🤖 AI Summary
This work addresses the challenge of maintaining fine-grained group fairness in sliding-window data streams, where existing methods struggle to provide consistent guarantees. The authors propose the first block-level group fairness model, which partitions the sliding window into finer-grained blocks to enforce localized fairness constraints. To efficiently track attribute distributions, they design a sketch-based data structure that enables real-time monitoring with low overhead. Furthermore, they introduce a theoretically optimal online reordering algorithm that rapidly corrects output rankings upon detecting fairness violations.

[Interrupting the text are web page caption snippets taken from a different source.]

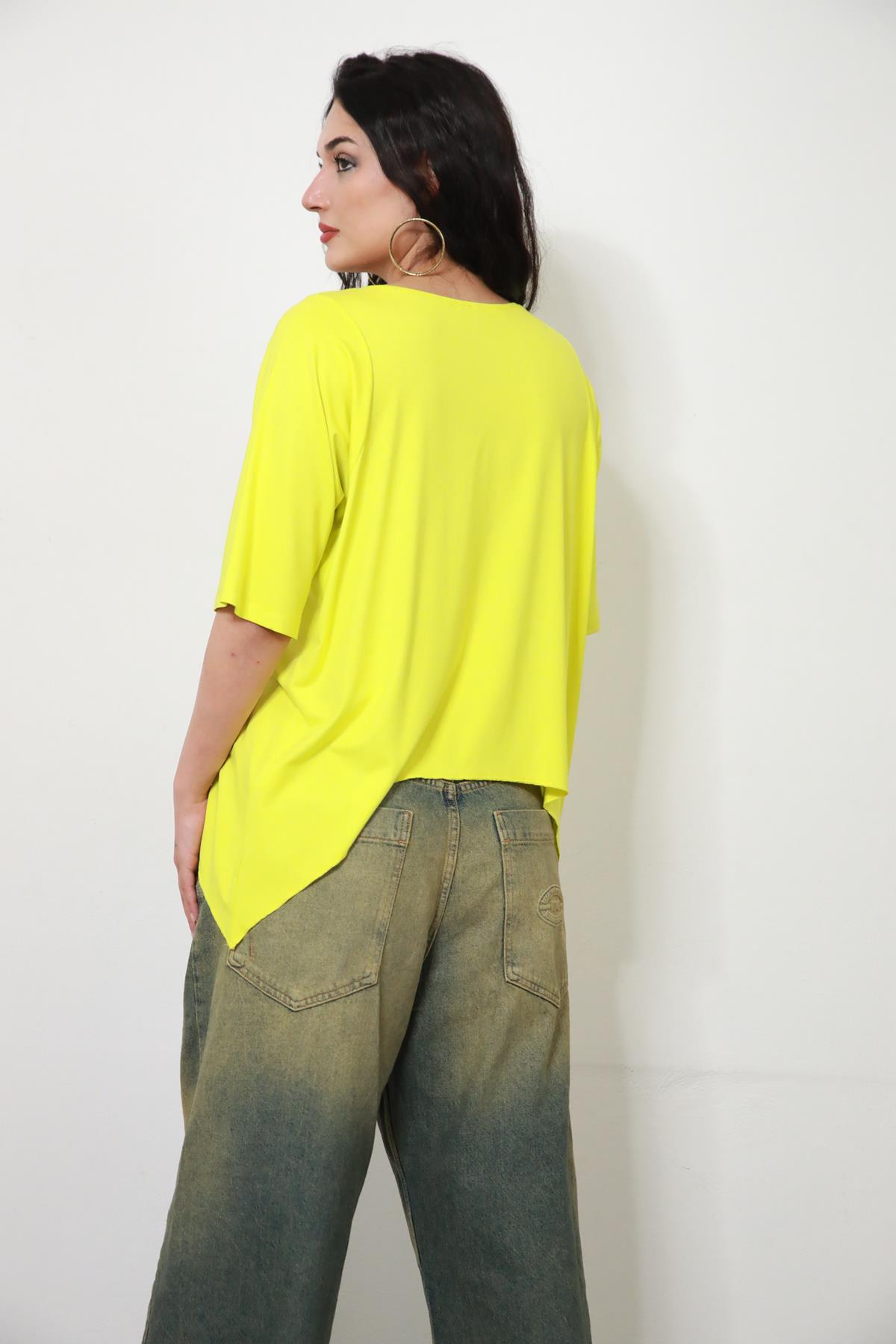 neon yellow blouse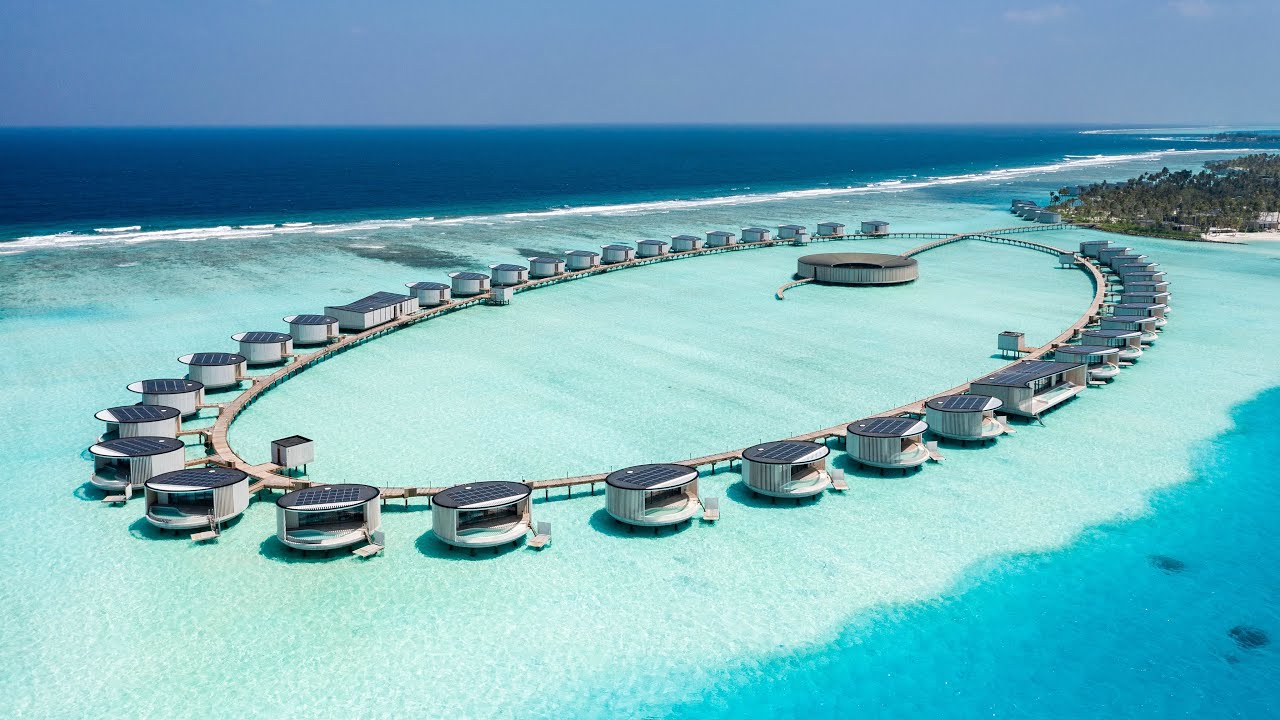 The Ritz-Carlton Maldives: an innovative luxury resort in Maldives 🇲🇻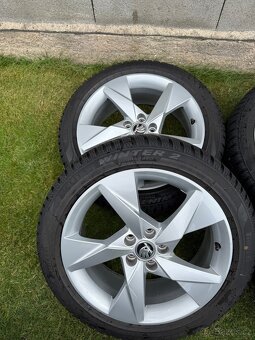 Zimní alu kola Škoda Scala, 5x100 r17 - 3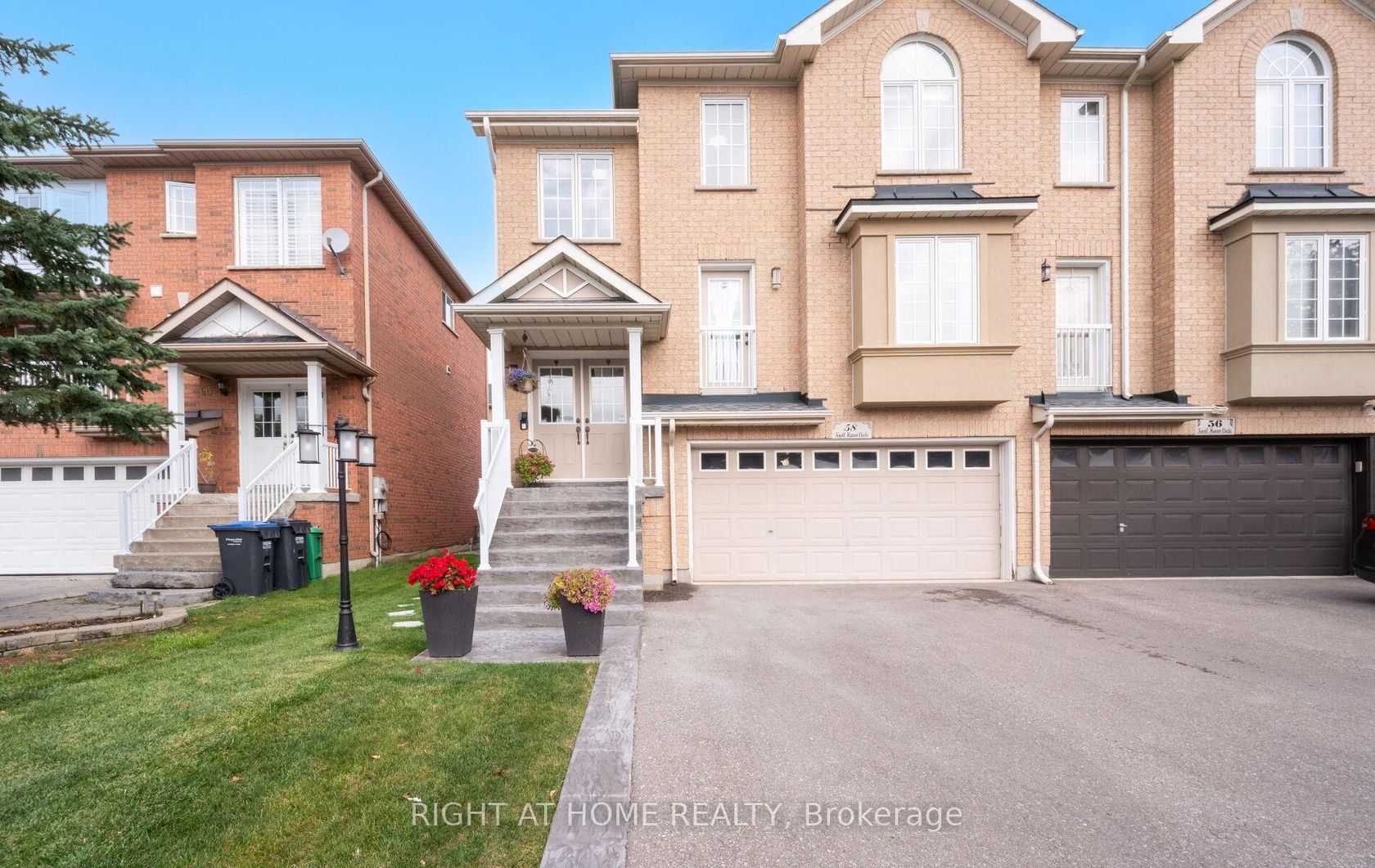 58 Knoll Haven Circle, Bolton North, Caledon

Experimental results demonstrate that the system achieves millisecond-level average latency and a throughput of 30,000 queries per second, while improving block-level group fairness by 50–60% on average, with gains reaching up to 95% in the best case.
📝 Abstract
We study the problem of enforcing continuous group fairness over windows in data streams. We propose a novel fairness model that ensures group fairness at a finer granularity level (referred to as block) within each sliding window. This formulation is particularly useful when the window size is large, making it desirable to enforce fairness at a finer granularity. Within this framework, we address two key challenges: efficiently monitoring whether each sliding window satisfies block-level group fairness, and reordering the current window as effectively as possible when fairness is violated. To enable real-time monitoring, we design sketch-based data structures that maintain attribute distributions with minimal overhead. We also develop optimal, efficient algorithms for the reordering task, supported by rigorous theoretical guarantees. Our evaluation on four real-world streaming scenarios demonstrates the practical effectiveness of our approach. We achieve millisecond-level processing and a throughput of approximately 30,000 queries per second on average, depending on system parameters. The stream reordering algorithm improves block-level group fairness by up to 95% in certain cases, and by 50-60% on average across datasets. A qualitative study further highlights the advantages of block-level fairness compared to window-level fairness.